🤖 AI Summary
Existing code generation benchmarks are nearing saturation and fail to adequately assess large language models’ (LLMs) deep reasoning capabilities—particularly in formal verification. Method: We introduce VerifyThisBench, the first end-to-end program verification benchmark requiring joint generation of executable code, formal specifications, and machine-checkable proofs for natural-language problems. To isolate verification competence, we further propose VerifyThisBenchXS, a lightweight variant. Our evaluation framework integrates multi-stage LLM-driven formal reasoning, incorporating compilation checking, logical verification, and specification-consistency assessment. Contribution/Results: Experiments reveal that state-of-the-art LLMs achieve less than 4% pass rate on the full benchmark; over half of generated outputs fail to compile.
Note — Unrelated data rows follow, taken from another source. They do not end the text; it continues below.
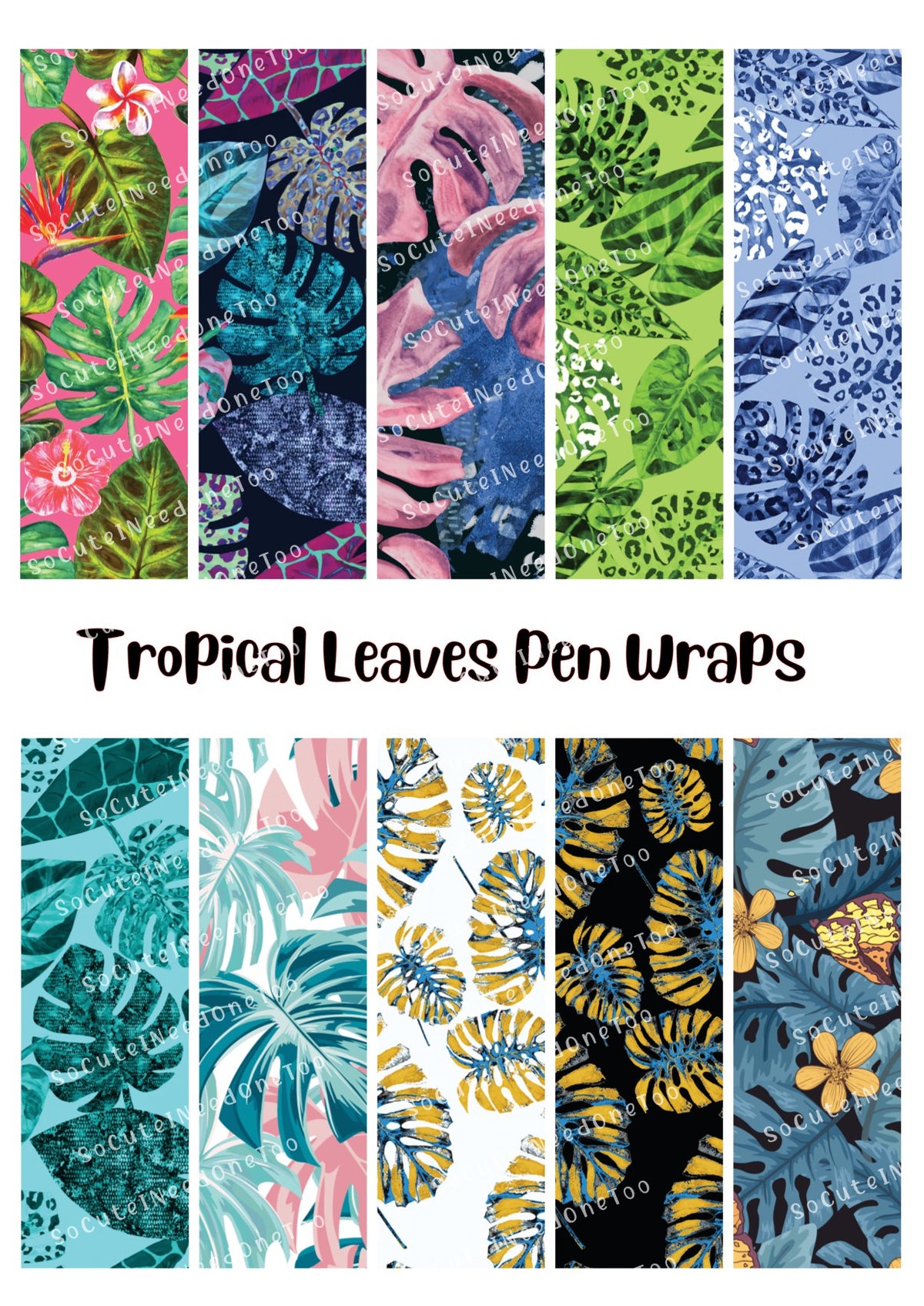 Tropical Leaves Pen Wraps Waterslide Decals – Tropical Designs for Bic Pens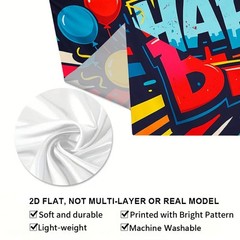 Happy Balloons Banner 71×43 Inch, Large Party Backdrop Decorations, Colorful …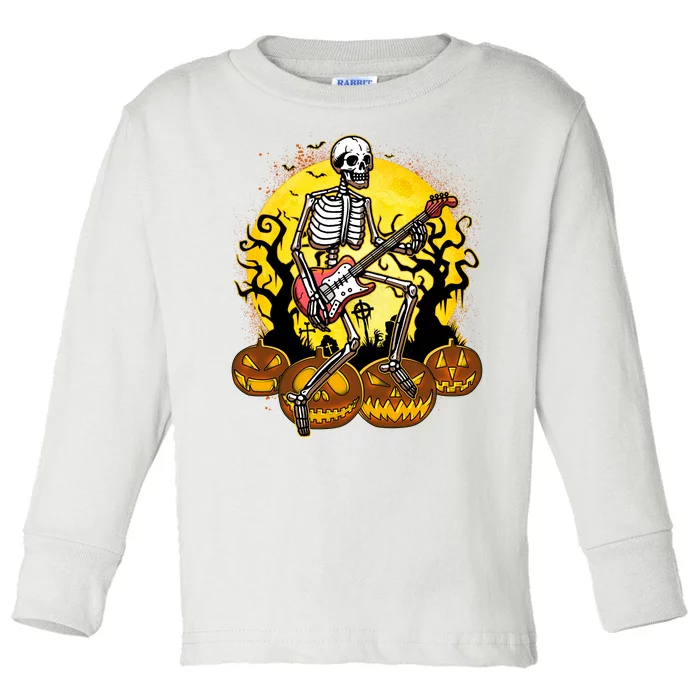 Funny Halloween Rocker Skeleton Rock With Electric Guitar Toddler Long Sleeve Shirt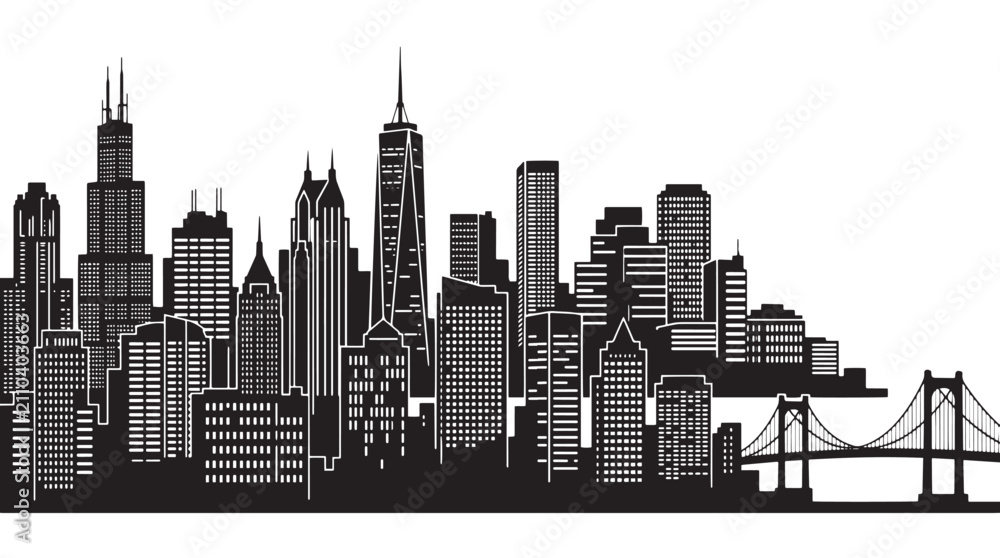 Obraz premium Modern City Skyline Silhouette with Skyscrapers and Bridge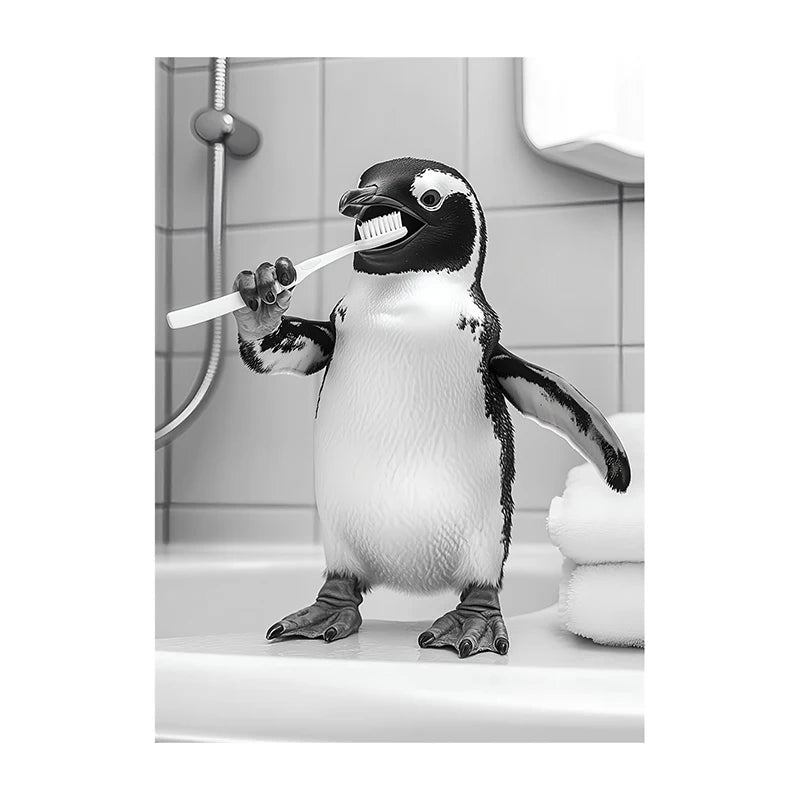 Black White Funny Bathroom Brushing Teeth Poster Vintage Style Animal Canvas Painting Print Wall Art Picture for Home Decoration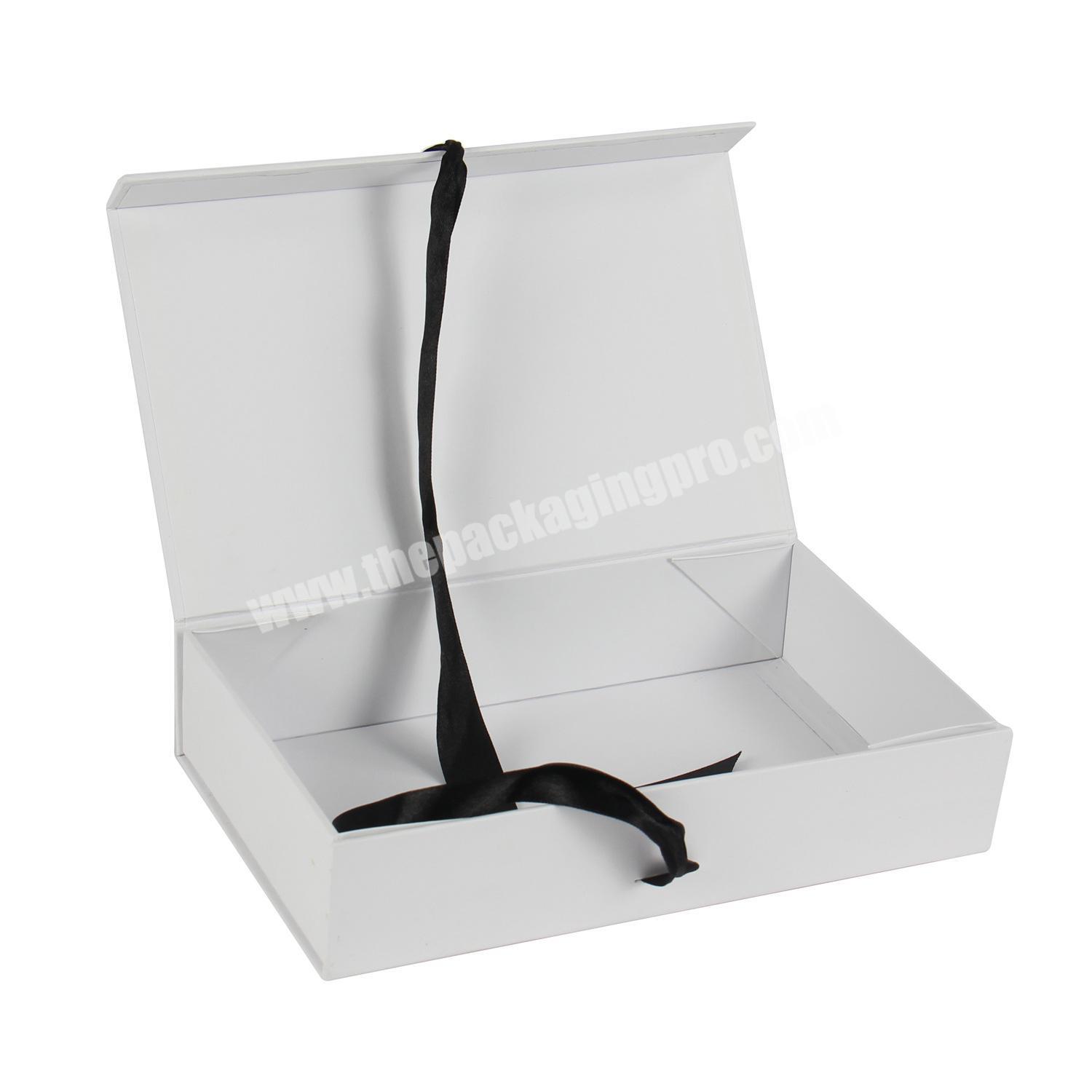 Black and white flat pack clamshell folding paper bikini bra underwear  swimwear packaging box with ribbon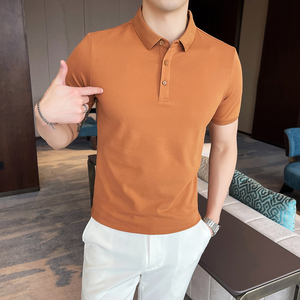 夏季修身短袖POLO衫 休闲翻领T恤潮流型男 杏 Y02-P45图片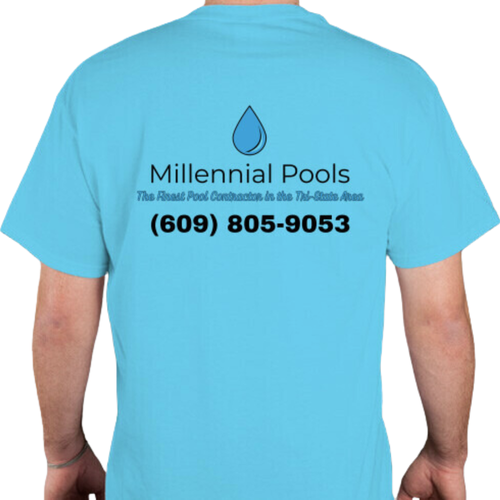 Millennial Pools Technician Shirt - Baby Blue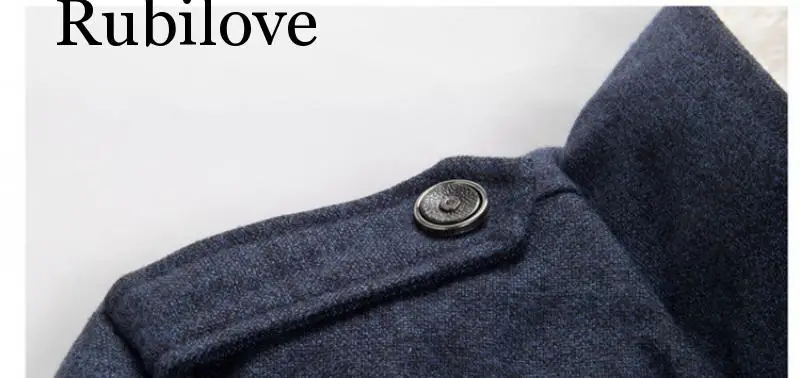 Rubilove, зимнее Мужское пальто, модная брендовая одежда, флисовая подкладка, толстое теплое шерстяное пальто, Мужское пальто из смешанной шерсти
These results expose fundamental limitations in current LLMs’ ability to ensure program correctness, underscoring the need for verification-aware modeling and evaluation paradigms.
📝 Abstract
Large language models (LLMs) have demonstrated remarkable progress in code generation, but many existing benchmarks are approaching saturation and offer little guarantee on the trustworthiness of the generated programs, offering limited insight into deeper reasoning capabilities. We introduce VerifyThisBench, a new benchmark designed to evaluate LLMs on end-to-end program verification tasks that require interpreting natural language problem descriptions, formulating formal specifications, generating code, and constructing correctness proofs. Our evaluation reveals that even state-of-the-art (SOTA) models, such as o3-mini, achieve a pass rate of less than 4%, with many outputs failing to compile. To reduce task complexity, we further propose VerifyThisBenchXS, a variant in which partial implementations or proofs are provided. We systematically assess SOTA models on both benchmarks, uncovering key strengths and limitations in their formal reasoning and verification capabilities.